Roughly 5 miles from Reid-Hillview, we couldn't contact the tower because they were very busy. So we circled around a couple times, waiting for a break on the radio. It turns out that something like 4 or 5 planes were flying patterns and/or touch-n-go landings. So they were talking seemingly non-stop.
Eventually we got thru to the tower and they let us fly over the airport and head south. But then when we were 2-3 miles south of the airport, they asked us to turn left and fly northwest. Given that they knew our intention was to fly south to Hollister, this was a gently way of saying either "you can't safely get there with those low clouds" or "I'm not going to let you try, but maybe San Jose will." We never tried contacting San Jose.
Instead, we headed east to see if the clouds would be broken up (or gone entirely) over the Livermore area and into the Central Valley. As we came over the Altamont Pass (and associated win turbines), the sky turned mostly blue. The clouds were virtually gone. We had to fly past Livermore to get completely into the clear, but once we did it was pretty smooth and clear sailing--aside from some early afternoon haze.
As we flew along, we tuned into the various airports we passed along the way, Livermore, Tracy, Los Banos, and ultimately Hollister. As we flew along it was quite clear, but the clouds over in the valley didn't look promising. The breaking and clearing I expected by that time of day simply wasn't happening. We eventually found ourselves near the San Luis Reservoir where I had hoped we'd be able to cross the range and land over at Hollister. It was solid clouds over the hills and into the valley. It looked like 10 miles south of Hollister was broken to clear, but that didn't help us. With those low clouds, we wouldn't be able to do much glider flying.

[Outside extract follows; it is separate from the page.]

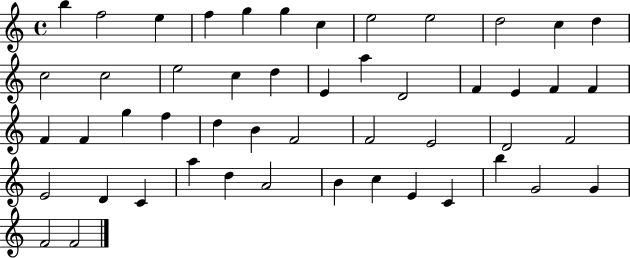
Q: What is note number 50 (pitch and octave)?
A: F4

So we turned around and headed home. After a few minutes of flying back the way we came, John said "Okay, your plane." He let me fly for 10 minutes or so while he relaxed and just didn't need to think about flying. I found the Piper pretty easy to control. I was able to maintain a heading and altitude within the range for Private Pilot testing standards. I flew a 360 degree turn and a few gentle banks. It was a relatively smooth ride. The plane didn't require nearly the amount of rudder that I'm used to, but I expected that and didn't find myself over-controlling.

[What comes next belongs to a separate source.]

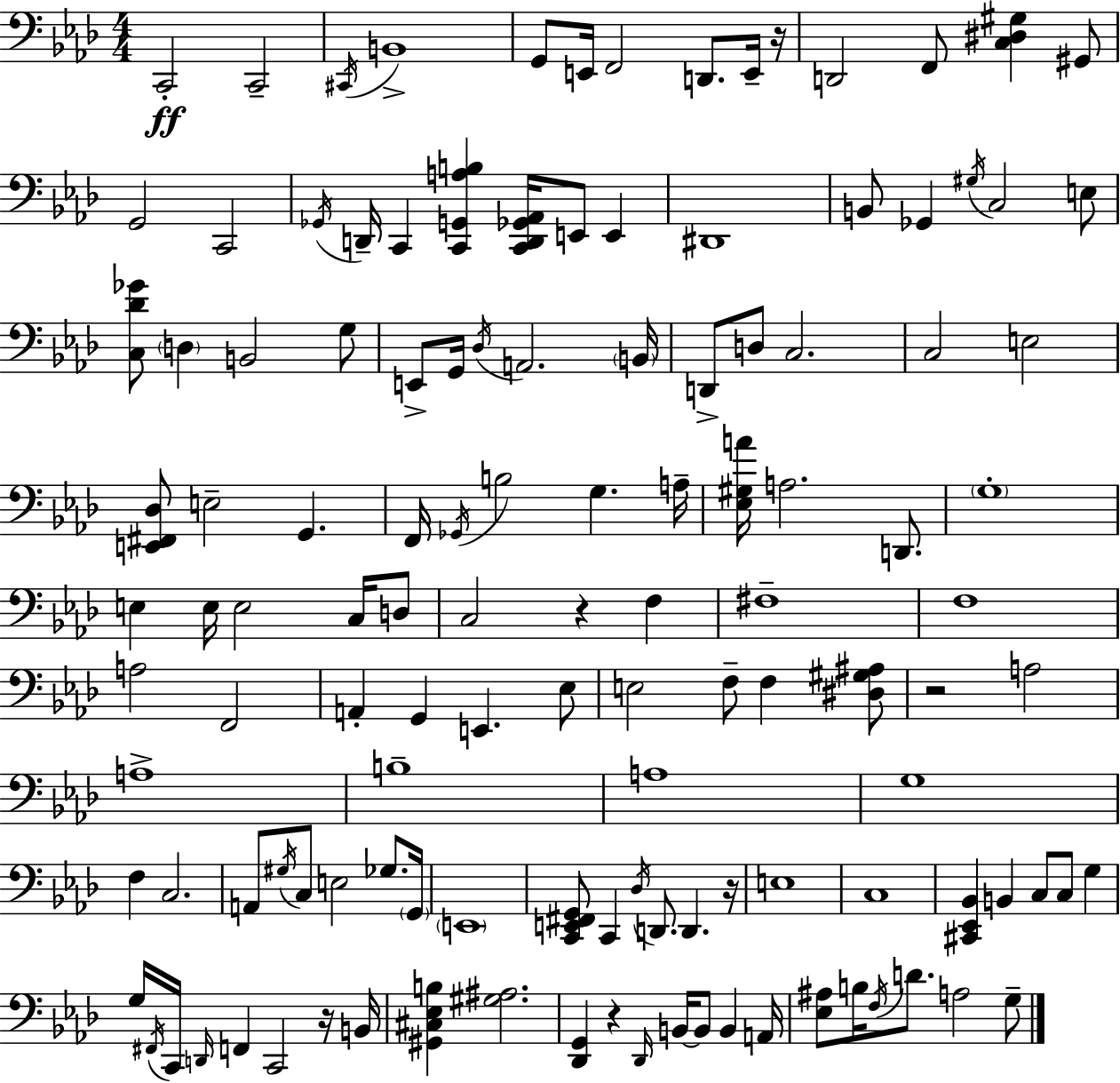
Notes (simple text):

C2/h C2/h C#2/s B2/w G2/e E2/s F2/h D2/e. E2/s R/s D2/h F2/e [C3,D#3,G#3]/q G#2/e G2/h C2/h Gb2/s D2/s C2/q [C2,G2,A3,B3]/q [C2,D2,Gb2,Ab2]/s E2/e E2/q D#2/w B2/e Gb2/q G#3/s C3/h E3/e [C3,Db4,Gb4]/e D3/q B2/h G3/e E2/e G2/s Db3/s A2/h. B2/s D2/e D3/e C3/h. C3/h E3/h [E2,F#2,Db3]/e E3/h G2/q. F2/s Gb2/s B3/h G3/q. A3/s [Eb3,G#3,A4]/s A3/h. D2/e. G3/w E3/q E3/s E3/h C3/s D3/e C3/h R/q F3/q F#3/w F3/w A3/h F2/h A2/q G2/q E2/q. Eb3/e E3/h F3/e F3/q [D#3,G#3,A#3]/e R/h A3/h A3/w B3/w A3/w G3/w F3/q C3/h. A2/e G#3/s C3/e E3/h Gb3/e. G2/s E2/w [C2,E2,F#2,G2]/e C2/q Db3/s D2/e. D2/q. R/s E3/w C3/w [C#2,Eb2,Bb2]/q B2/q C3/e C3/e G3/q G3/s F#2/s C2/s D2/s F2/q C2/h R/s B2/s [G#2,C#3,Eb3,B3]/q [G#3,A#3]/h. [Db2,G2]/q R/q Db2/s B2/s B2/e B2/q A2/s [Eb3,A#3]/e B3/s F3/s D4/e. A3/h G3/e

We got to see a lot of the soon-to-be urban sprawl that's invading the Livermore and surrounding areas too.
After flying through the haze again, we found ourselves near the Altamont Pass once again where the sky was much clearer. We flew back into the Bay Area and contacted the Palo Alto tower to let 'em know we wanted to land.
The tower told us where to go and that there were, at one time, 4 planes ahead of us in the pattern. I'm not using to flying with that many planes in the pattern, but with a bit of looking we managed to find them all.
I knew that the pattern for powered aircraft would be different than what I'm used to in a glider, but it was quite different to experience in the air. There were a few times when I was thinking "we really should have turned back there" but we just kept on going. Eventually, though, we turned base and then final. Lined up for runway 31, we followed the plane ahead of us and came in to land. John did a good job of keeping the glide slope and we touched down pretty smoothly after a bit of floating.
We asked for permission to taxi back to the parking spot, taxied, parked and tied the plane down, and gathered up our stuff. We decided to try for a second attempt next Wednesday. But next time we're not planning to leave the airport until 1pm, so if the clouds decide to stick around longer, they shouldn't be much of a factor.
I've posted all the pictures from the day's flying for your viewing pleasure.